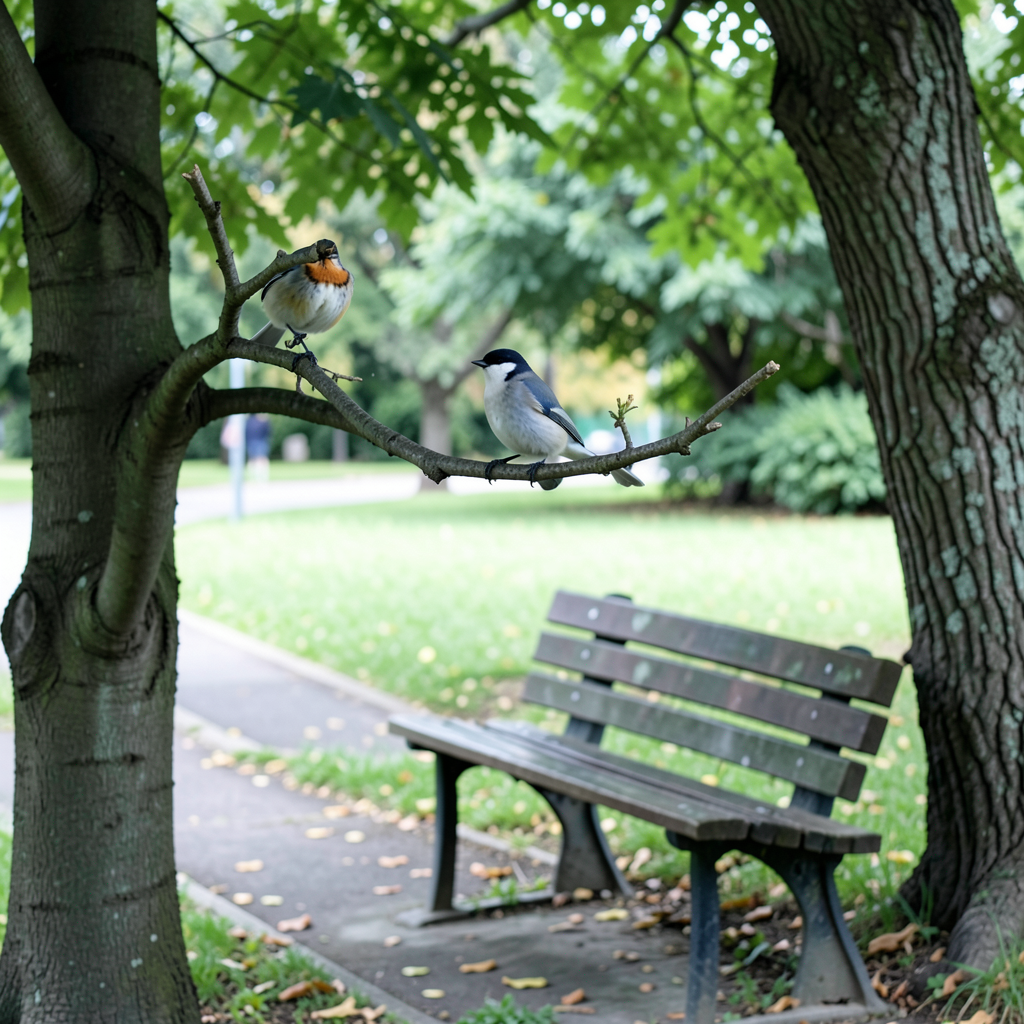 A bird perched on a branch, the branch extending from a tree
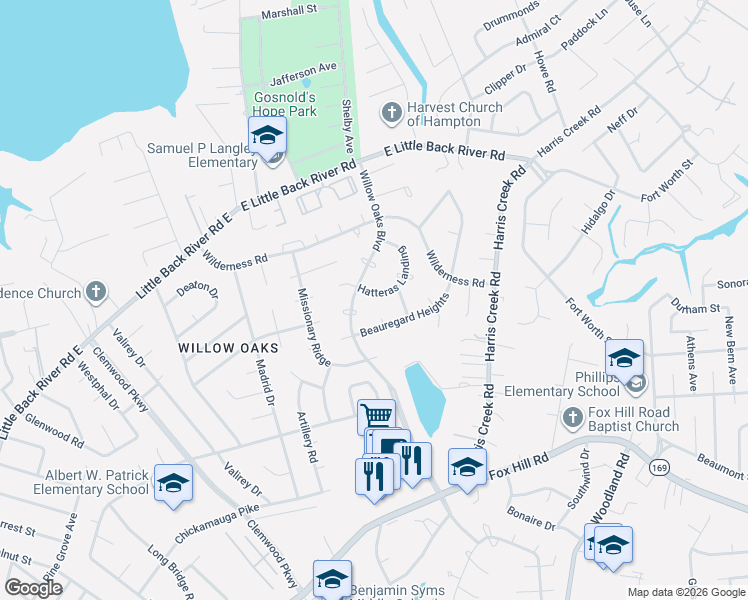 map of restaurants, bars, coffee shops, grocery stores, and more near 306 Willow Oaks Boulevard in Hampton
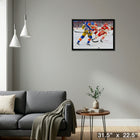 Leon Draisaitl 20x29 sur toile Oilers 2023 Heritage Classic-H - Toile encadree - 31" x 22"-Prêt à accrocher - livré entièrement assemblé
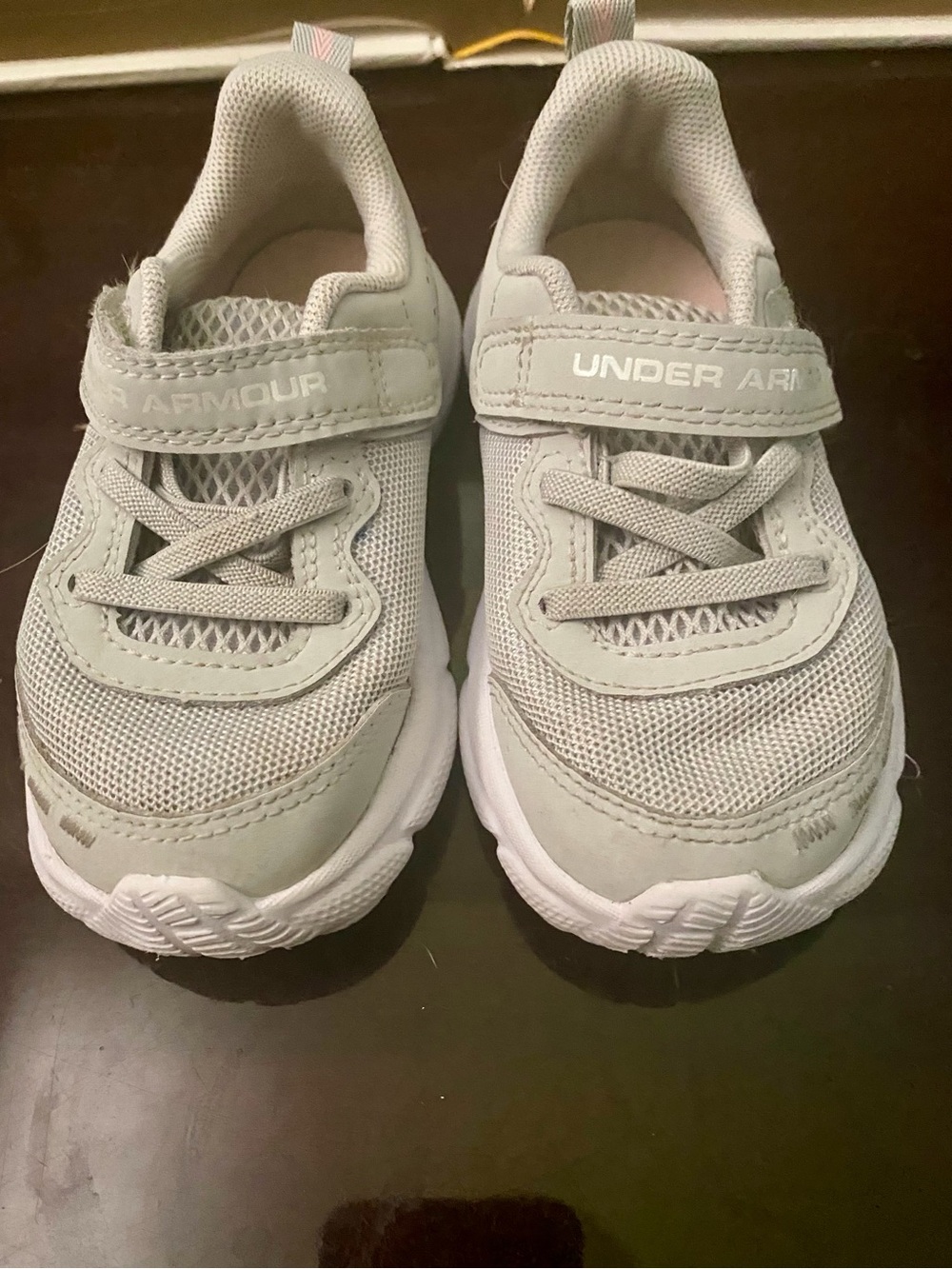 Under Armour Kids White Gray Athletic Sneakers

::::::

TASK DIRECTIONS:
Once the pictures are removed, copy the listing exactly.

WRITTEN SOLUTION:
 A bird perched on a branch, the branch extending from a tree
 map of restaurants, bars, coffee shops, grocery stores, and more near 306 Willow Oaks Boulevard in Hampton
 Leon Draisaitl 20x29 sur toile Oilers 2023 Heritage Classic-H - Toile encadree - 31" x 22"-Prêt à accrocher - livré entièrement assemblé
 Under Armour Kids White Gray Athletic Sneakers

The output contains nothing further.